# Problem to work on
Any picture in the material should be left out, while all other lines are copied exactly.
== Recorded information
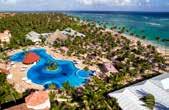Guests can enjoy the amenities of the neighboring Bavaro and Punta Cana Grand hotels. See ad on page 49.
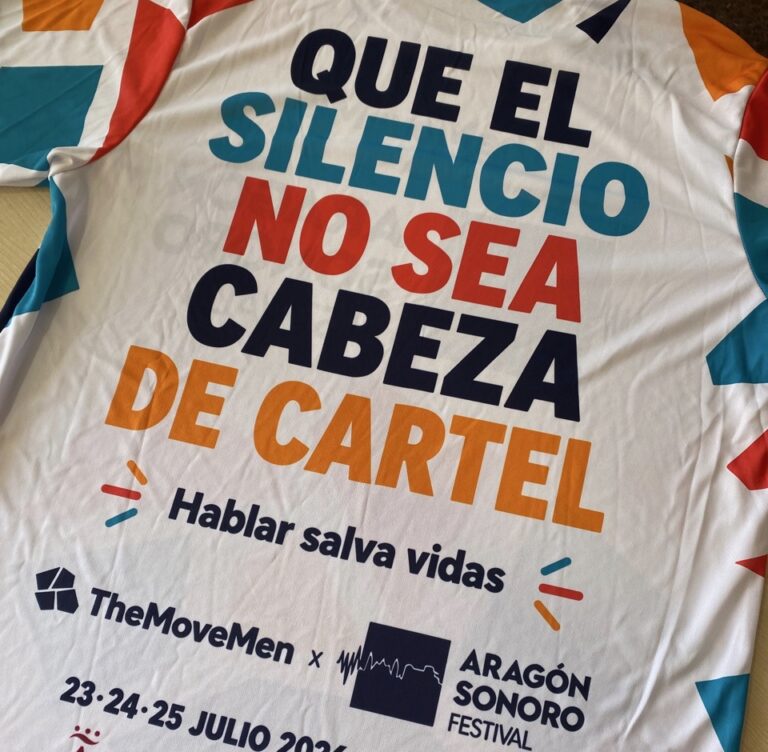 Aragón Sonoro impulsa la salud masculina con TheMoveMen
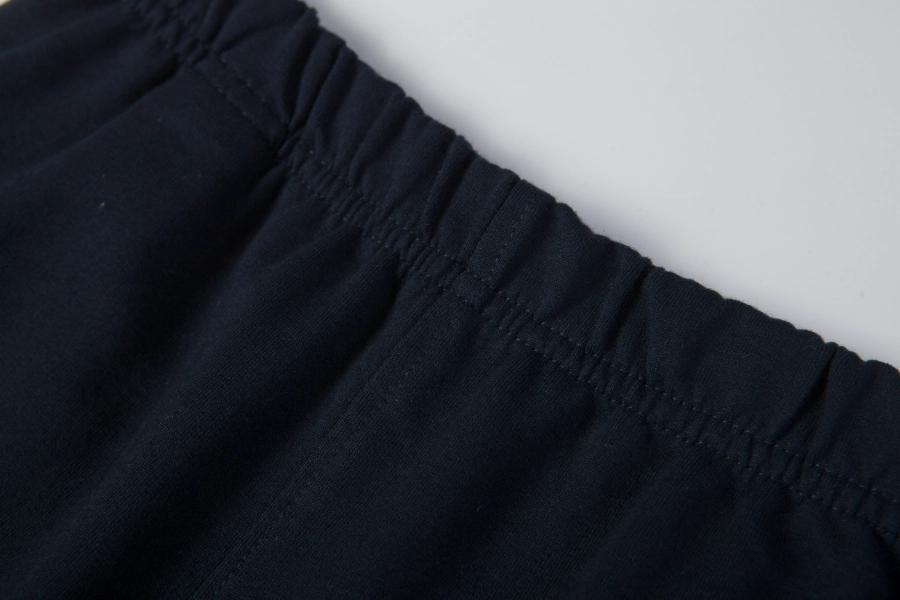 British Preppy Terry Knit Shorts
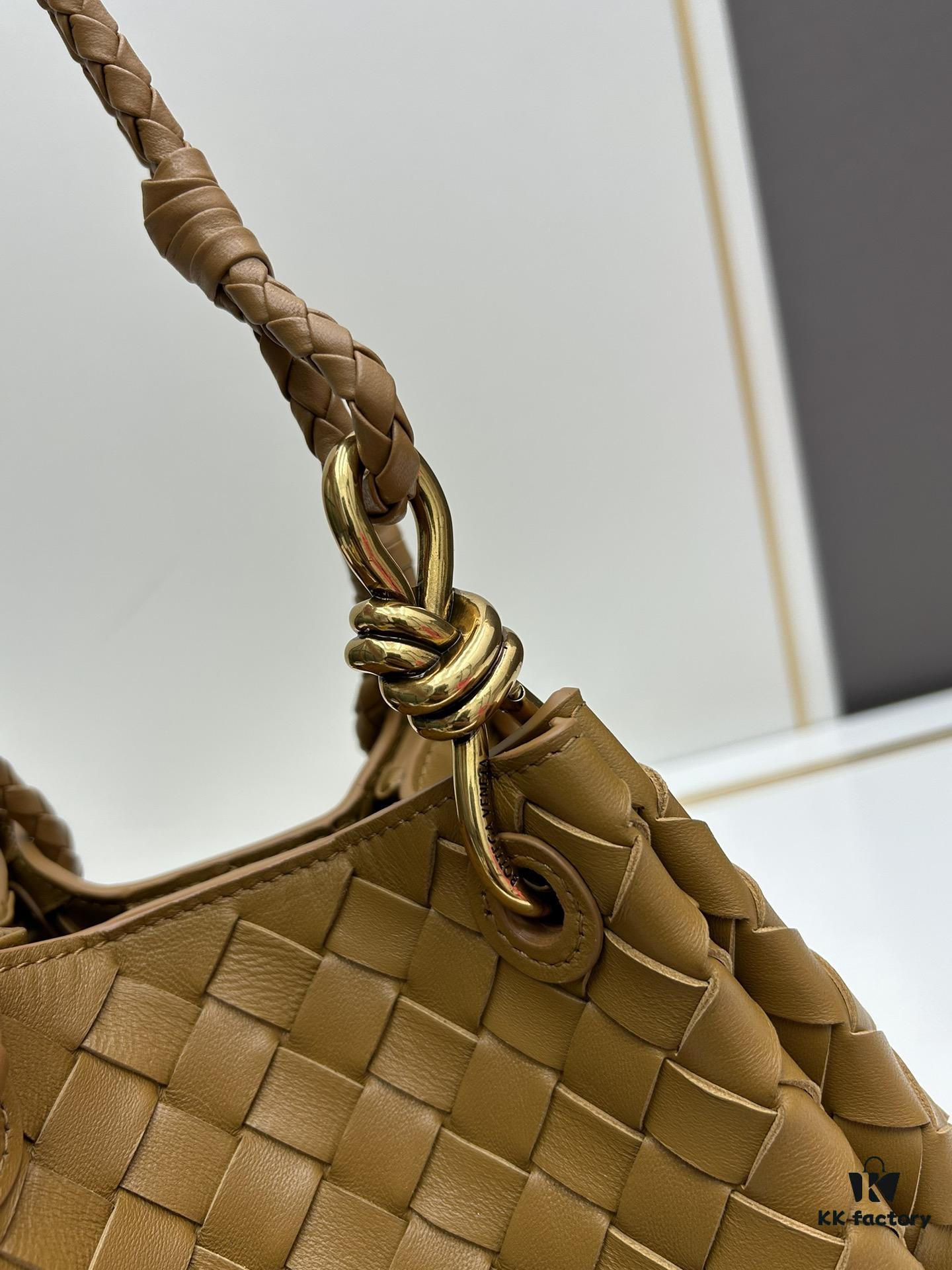 6930c6ac6e68136f4d9afb4a BV's New Arrival! Andiamo Parachute Bag, Inspired by Bottega Veneta's Archive Design, Combines Retro Elements with Modern Style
====
# Result of this task
Guests can enjoy the amenities of the neighboring Bavaro and Punta Cana Grand hotels. See ad on page 49.
 Aragón Sonoro impulsa la salud masculina con TheMoveMen
 British Preppy Terry Knit Shorts
 6930c6ac6e68136f4d9afb4a BV's New Arrival! Andiamo Parachute Bag, Inspired by Bottega Veneta's Archive Design, Combines Retro Elements with Modern Style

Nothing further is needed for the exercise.